MATHEMATICS and nonlinear systems
| Collection | International Encyclopedia of Systems and Cybernetics | 
|---|---|
| Year | 2004 | 
| Vol. (num.) | 2(1) | 
| ID | ◀ 2021 ▶ | 
| Object type | General information, Epistemology, ontology or semantics, Methodology or model | 
According to R. MAY: “The elegant body of mathematical theory pertaining to linear systems (Fourier analysis, orthogonal functions, and so on) and its sucessful application to many fundamentally linear problems in the physical sciences, tends to dominate even moderately advanced University courses in mathematics and theoretical physics. The mathematical intuition so developed ill equips the student to confront the bizarre behavior exhibited by the simplest of discrete nonlinear systems… Yet, such nonlinear systems are surely the rule, not the exception, outside the physical sciences” (1976, p.467).

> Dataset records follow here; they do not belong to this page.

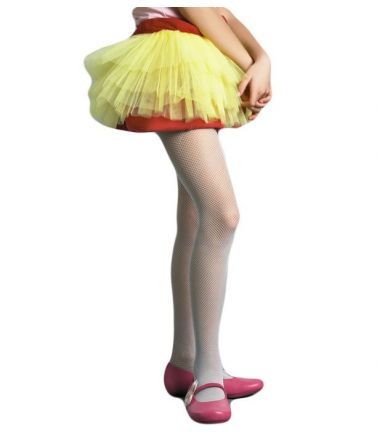  Tights IDER IDER TIGHTS ID1560-9
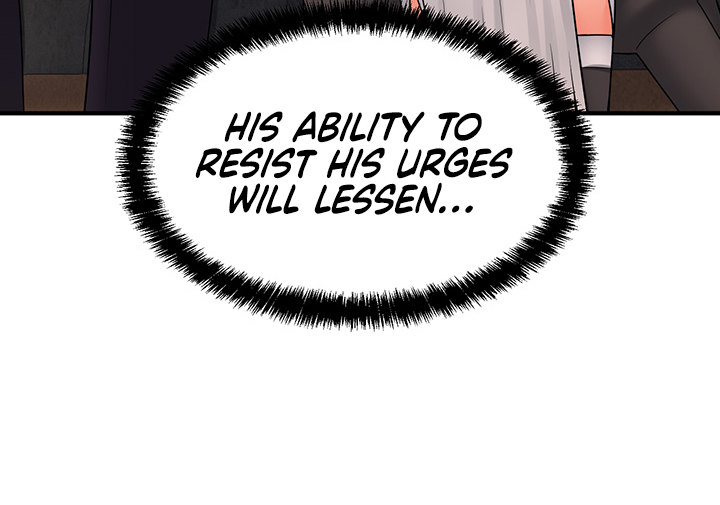 Elf Who Likes To Be Humiliated - Chapter 34 - picture 6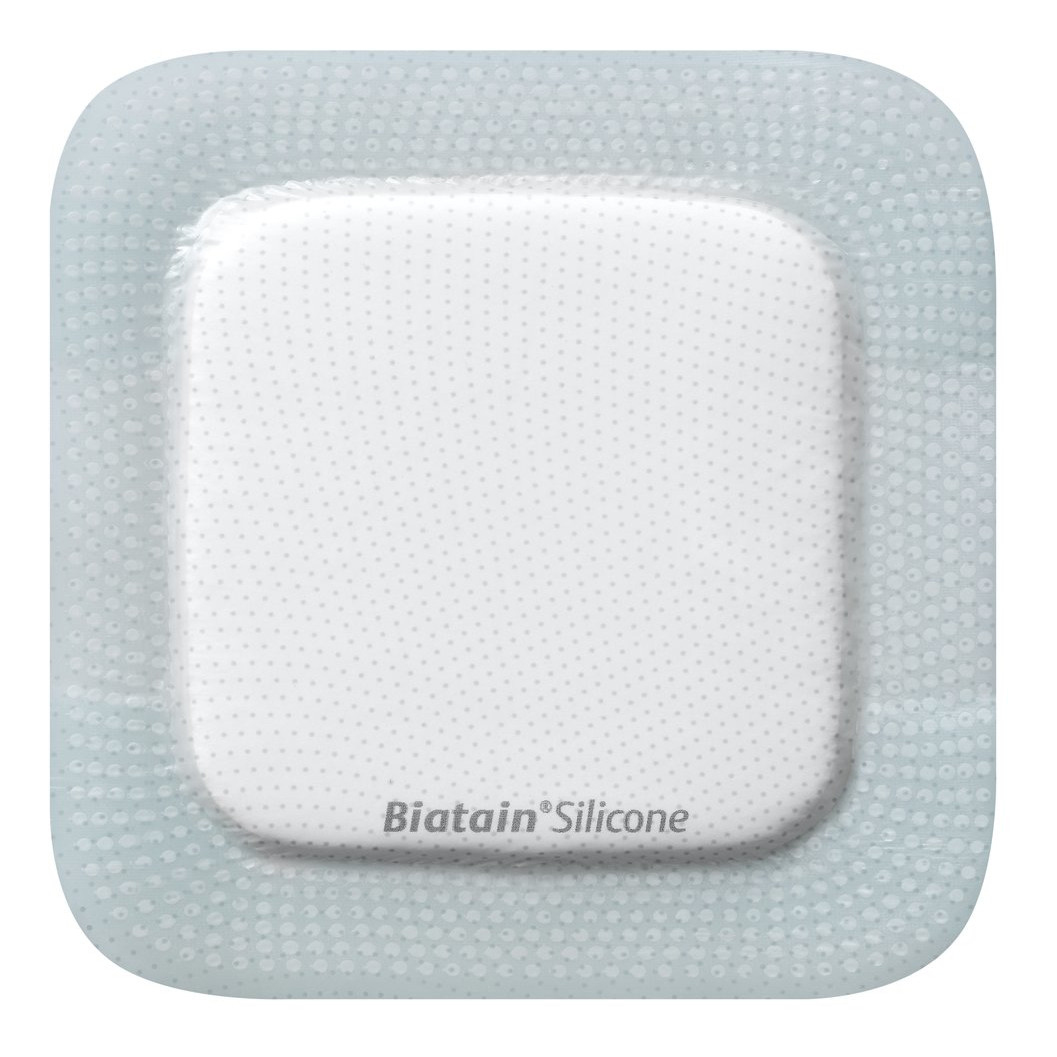 Biatain medicsch 10x10 10pz334 - Immagine 6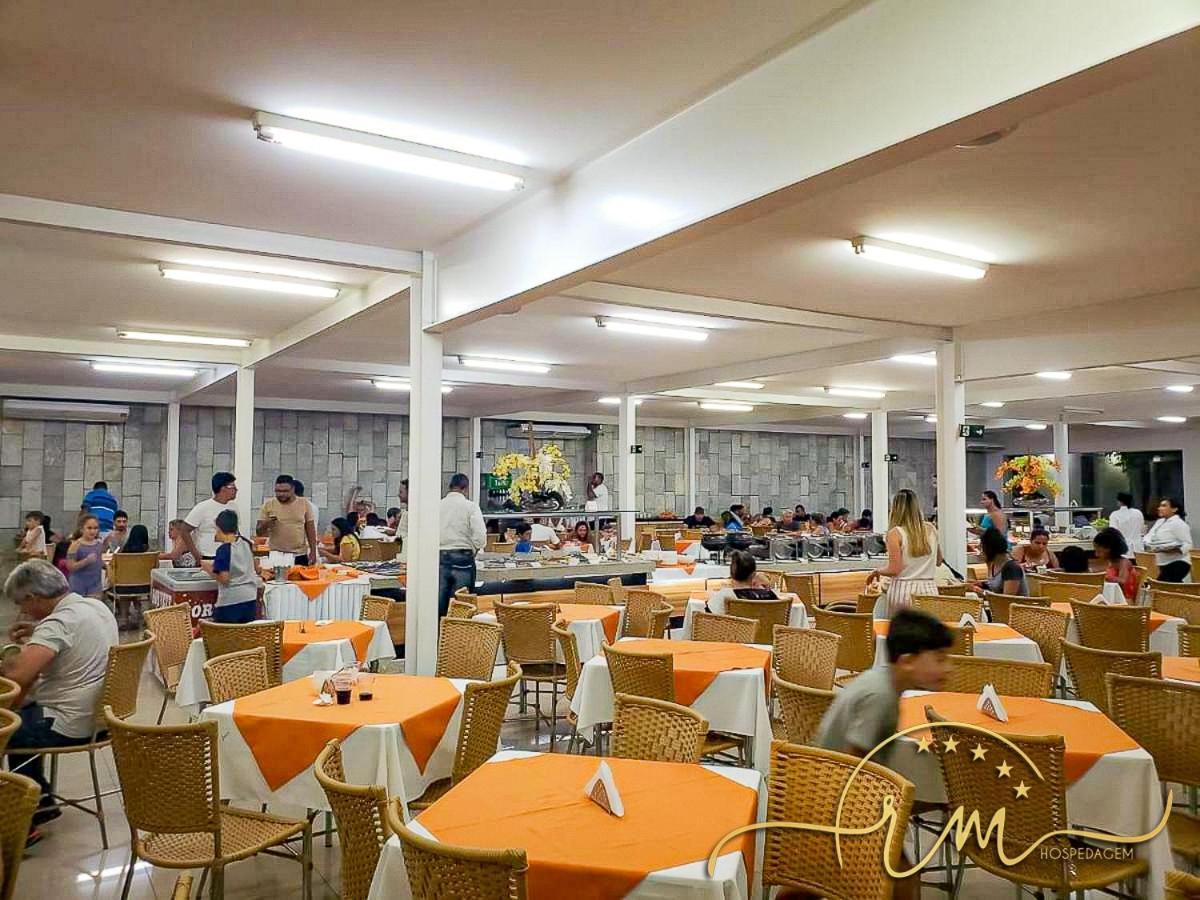 Casa de férias Diroma Exclusive Rm *
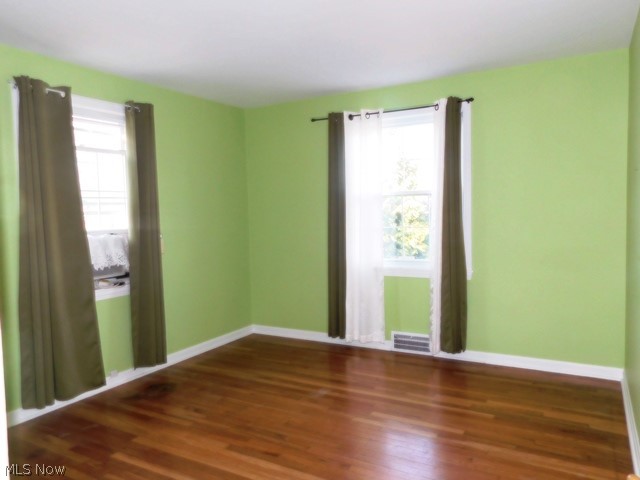 584 Eastland Road Berea, OH 44017 - Photo 15 of 33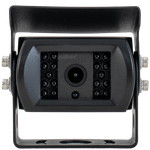 Ryggekamera for TT Technology TT.2063HD landbruksmaskiner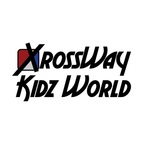 XrossWay Kidz World - Kimberly, ID, USA
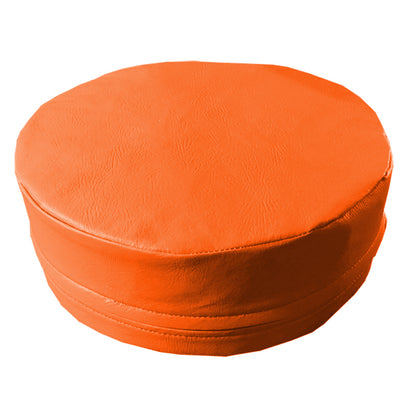 Cilindro Espuma Liquidación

The trend to use linear mathematics in social sciences, for instance, has been a stumbling block for the use of systems concepts by sociologists and explains some of their sharp criticism. In J. MARTINO's words in his review of BERLINSKI's “On Systems Analysis”: “There is no proof offered by the systems analysts that social and political systems are at all similar to control systems” (1979, p.18).
MAY advocates the study of 1st order nonlinear difference equations, as a starting point. Since 1976, when he published this paper, a considerable body of new mathematics of nonlinearity has been created.
It should be emphasized however that the first important work on nonlinearity was POINCARÉ's 1889 paper on the three bodies problem and that POINCARÉ himself introduced various topological concepts that led to chaos theory.